Making the morning rounds.
• "I’m responsible. I’m the head coach." After claiming ignorance despite video evidence to the contrary after the game, LSU coach Les Miles took full responsibility Monday for his team’s inexplicable clock management gaffe at the end of its 25-23 loss at Ole Miss. Miles admitted "we had no second play called prior to the Hail Mary" on the 4th-and-26 play that set up anticlimactic finish, because that pass was supposed to go into the end zone. It was letting 17 seconds tick away before calling timeout prior to the fourth down heave, though, that brought the most scorn — from critics and from Miles himself: "I let the clock get away from me. That was my fault, my mistake. … At that point in time, I had lost the opportunity for the team to win by squandering seconds."

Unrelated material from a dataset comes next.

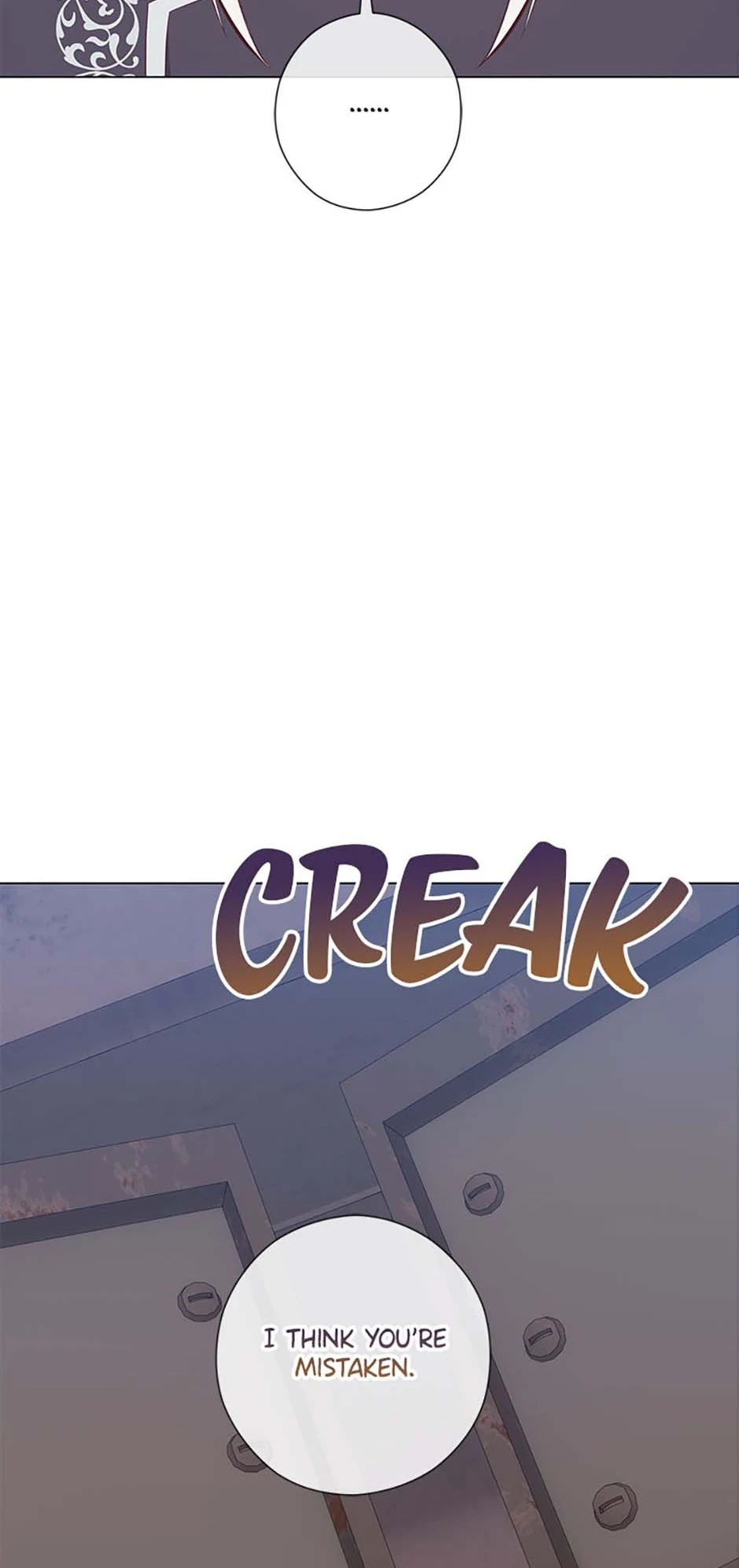 Who Do You Like More, Mommy or Daddy? Chapter 60 page 12 -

• What? We all know it’s coming. Monday’s best headline, courtesy the Associated Press:

Oh, but they will, right AP? Nothing in the subsequent article suggests Rodriguez is in any immediate danger, but they will.

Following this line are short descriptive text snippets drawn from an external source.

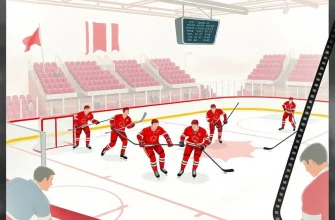 Film Sovietici sul Hockey in Italiano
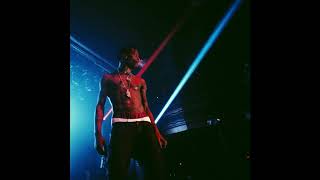 Travis Scott - Left Cheek Right Cheek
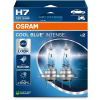Autožiarovka OSRAM H7 Cool Blue Intense Next Generation, 12V, 55W, PX26d, Duobox (64210CBN-2HB)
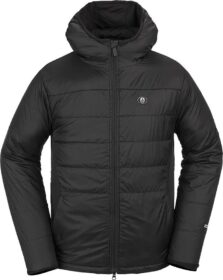 Volcom Utility Puff Takki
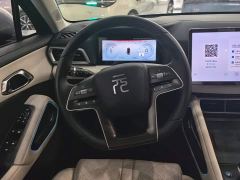 BYD Yuan UP 401KM Exceed - ფოტო 15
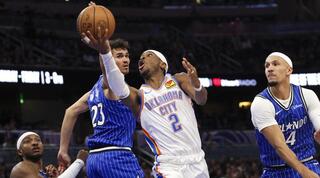 שיי גילג'ס אלכסנדר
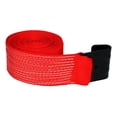 thumbnail image 1 of Banda Malacate Gancho Plano Industrial Carga 2450 Kg Urrea BAMP9, 1 of 3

• Good luck with that. Winless Western Kentucky was the first team to let its coach go earlier this month, and Monday became the first team to fill its vacancy by hiring Stanford running backs coach Willie Taggart, a WKU alum and Jim Harbaugh’s brother from another mother. Fired coach Dave Elson will stay on for the Hilltoppers’ final two games in search of one last (and, this year, first) victory.
• How much is firing Ralph Friedgen worth to us? Word to the Washington Post over the weekend was that Maryland coach Ralph Friedgen’s $4 million buyout wouldn’t be an obstacle to ditching Fridge as the 2-9 Terps hurtle toward one of the worst finishes in school history. The Baltimore Sun doesn’t quite think so: With the general budget crunch at UMD, Friedgen will either have to resign or be targeted by deep-pocketed boosters to get around that number.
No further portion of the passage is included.